I often find myself comparing the creative process in different artforms in which I have some experience: photography, painting, music, writing in particular. It’s interesting to examine the similarities and differences. Sometimes it can be revealing and perhaps will cause you borrow some approach from one for use in another.

This quote speaks to the process of editing one’s writing. Of course there are small edits you make along the way, changing a word, rephrasing a sentence. But when writing anything of significance, usually there are drafts, whole versions which are re-examined and reconsidered in their entirety.

The process of making a photographic print  is similar. There are minor adjustments you make as you make your first print, but that print usually serves as a proof (like a first draft) and often multiple proofs with revisions are made before a final version is created.

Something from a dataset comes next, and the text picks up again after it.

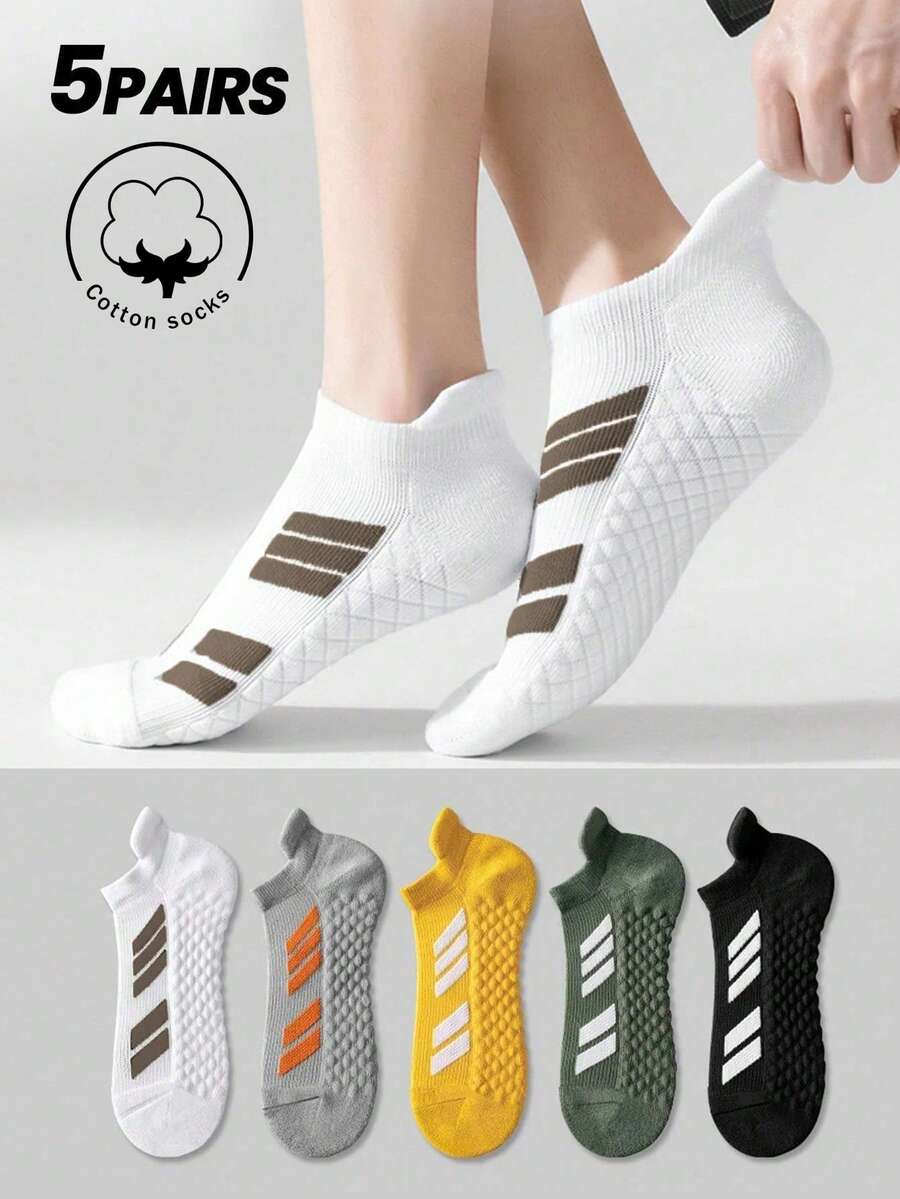 1/3/5 Pares de Meias Curtas Masculinas, Meias de Algodão, Meias Invisíveis, Meias Cinza, Meias de Outono/Inverno/Primavera/Outono/Verão, Respiráveis, Absorventes de Umidade, Esporte, Negócios, Lazer e Meias Sazonais - Multicolorido - Visão 1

In my experience painters don’t tend to incorporate this concept into their work as often. I know that there are often preliminary steps that can precede the final painting: value studies, sketches, even smaller versions done in a different medium (pastels as a study for oils, etc). But rarely does a painter actually repaint a painting – do it over.

Part of the reason may be that it can take a long time to complete a painting and it’s hard to think about doing it again. Rewriting a book draft can take a long time as well – one reason it can take years to complete a book. Part of it is that some of the spontaneity which can make a painting fresh when it is repainted could be lost. Writing and photography are perhaps more “studied” artforms where that spontaneity is not as important or even wanted. Music is an interesting comparison – the writing of music is more like writing a book, with many revisions possible. Musicians obviously repeat performances of the same piece many times – each is unique but clearly the same piece.

What is your experience? Are there times when you’ve “redone” a painting? How has that worked for you? Does it depend on the type of painting, the medium, the subject matter, etc.? What are your motivations for doing or not doing this?

Choose Your Weapon


Enflamed, photograph

“If Velasquez were born today, he would be a photographer and not a painter.”

– George Bernard Shaw

I wonder whether painters from long ago would have chosen different, not-then-available art mediums. It’s curious to contemplate what kind of photographs Rembrandt or Vermeer might have taken had the camera rather than the brush been their chosen instrument. Both were masters of light so I’m sure they would have created rich and compelling work.

It’s interesting to me why more painters do not become better photographers. It’s very common for painters over time to tackle different mediums – watercolor, oil, collage, pastel, etc. Few in my experience become equally interested in the camera. Of course, everyone takes pictures – but I’m talking about practicing fine art photography where the photograph is a work of art in itself. Equally puzzling is why more photographers don’t also take up painting at some point as a way to expand their expressive arsenal.

Perhaps the disciplines are too different. I suppose it’s equally true that not many painters (or photographers) become sculptors, writers, actors, dancers, musicians, etc. For some reason I have found painting and photography to share more in common with each other than with these other artistic mediums. But perhaps to others, picking up the camera feels as foreign to them as would sitting down at a piano or playing Hamlet.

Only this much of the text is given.